Casino Canberra (or Canberra Casino) is a casino located in the Central Business District of Canberra, the capital city of Australia. It was the first legal casino to open in the Australian Capital Territory, built on land excised from Glebe Park under a 99-year lease agreement between the casino licensee and the territory government. It is small in comparison with other casinos in Australia and does not incorporate any hotel accommodation, theatres, auditoriums or retail stores. It also holds the distinction of being the only casino in Australia that is not licensed to operate poker machines. There are 39 gaming tables where blackjack, roulette, baccarat and other games are played. The casino also has a poker lounge and sports lounge with TAB facilities. A rewards program, the Senators Club, allows members to earn points which can be redeemed for prizes, at the casino's restaurant or selected hotels and businesses in the city. Senators Club members are entitled to secure parking and entry into gaming tournaments hosted by the casino.
Following permission from the Federal Government to issue a casino licence and despite strong opposition from Dr Hector Kinloch of the Residents Rally, Casinos Austria International was selected by the ACT Government as the preferred operator on 31 January 1992. A subsidiary company, Casino Canberra Limited was formed for this purpose. In exchange for the licence, Casinos Austria paid $19 million up front for lease of the land and an annual $500,000 licensing fee. A temporary casino began operation on 14 November 1992 at the National Convention Centre. The permanent casino opened on 29 July 1994. Former Prime Minister Bob Hawke and the ACT Chief Minister Rosemary Follett were among the guests at the large opening party hosted by Dr Leo Walner, then head of Casinos Austria. Bob Hawke was the winner of the golden roulette ball that was used for the first spin of the roulette wheel in the temporary casino.

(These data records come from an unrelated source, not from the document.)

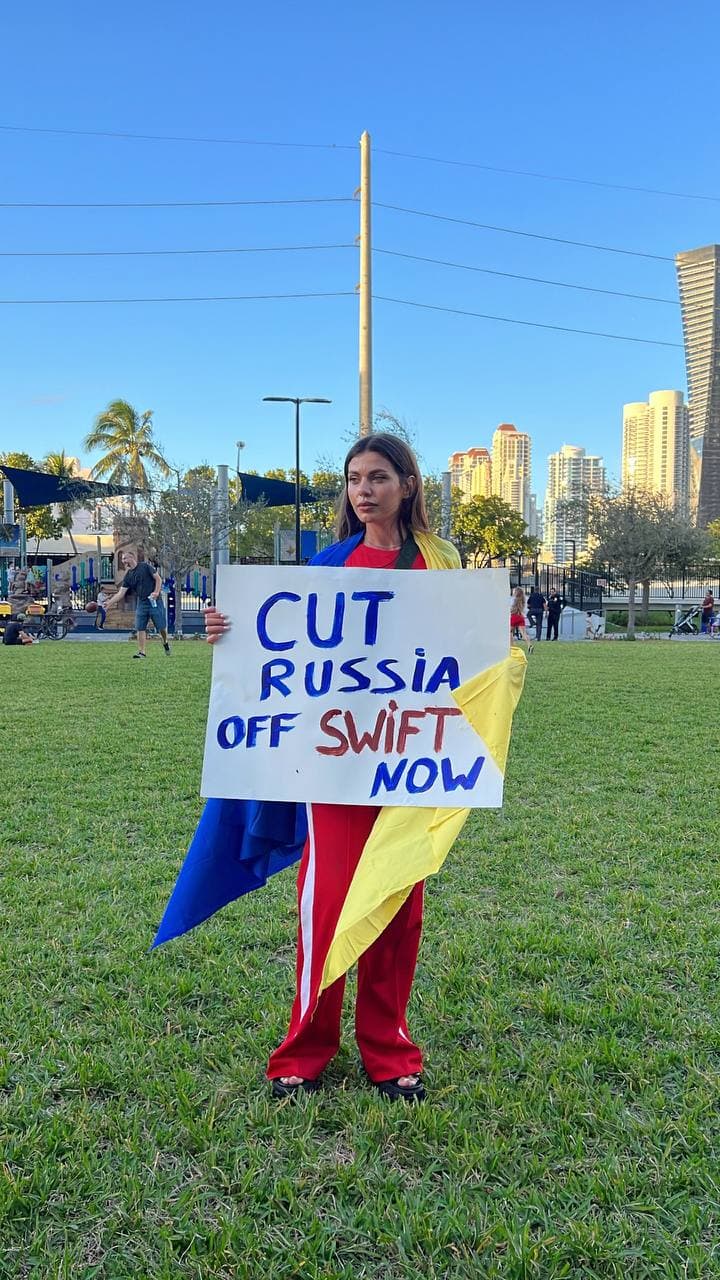 На мітингу у Маямі закликають відключити Росію від SWIFT та врятувати Україну (фото)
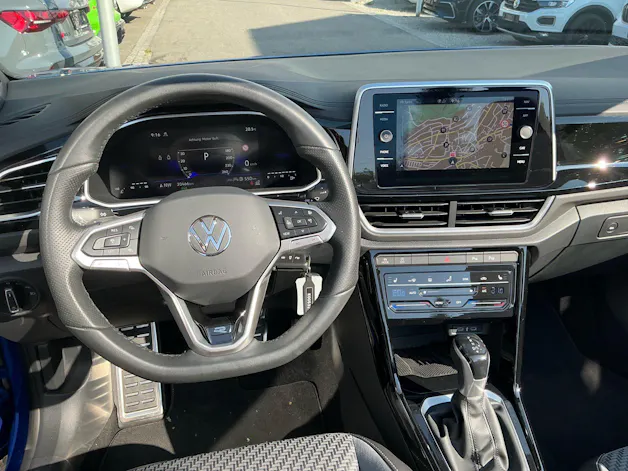 VW T-Roc CABRIOLET 1.5 TSI 150PS R-LINE *** ANHÄNGEKUPPLUNG ***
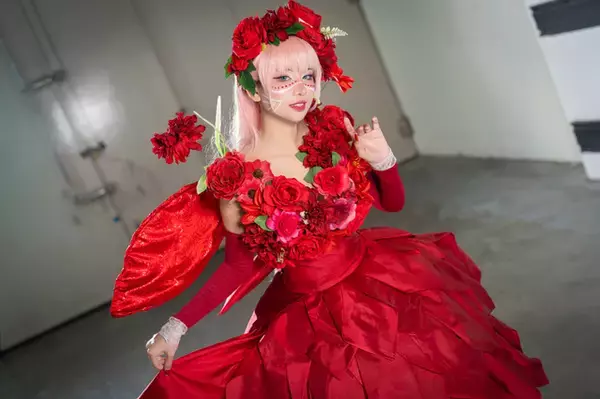 「竜とそばかすの姫」ベルが3次元に!? フィリピン美女コスプレイヤーが圧巻の完成度で魅せる【AFA SG 2022】海外レポ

Casino Canberra holds the only licence to operate gambling tables in the Australian Capital Territory. Unlike other Australian casinos, it cannot operate poker machines. The casino has previously tried unsuccessfully to lobby the territory government to remove restrictions that prevent it from installing poker machines. These attempts have failed, in part due to concerns from Canberra's clubs, which fear loss of revenue from their own poker machines. Amendments to the Casino Control Act (2006) which would allow the casino to operate poker machines have been unsuccessfully moved in the legislative assembly on two occasions. In March 2013, it was reported by The Canberra Times, amid concerns about its ongoing viability, that the casino was willing to hand back land to the government that would allow the National Convention Centre to be expanded, and pay upfront fees in exchange for licensing rights for 200 machines.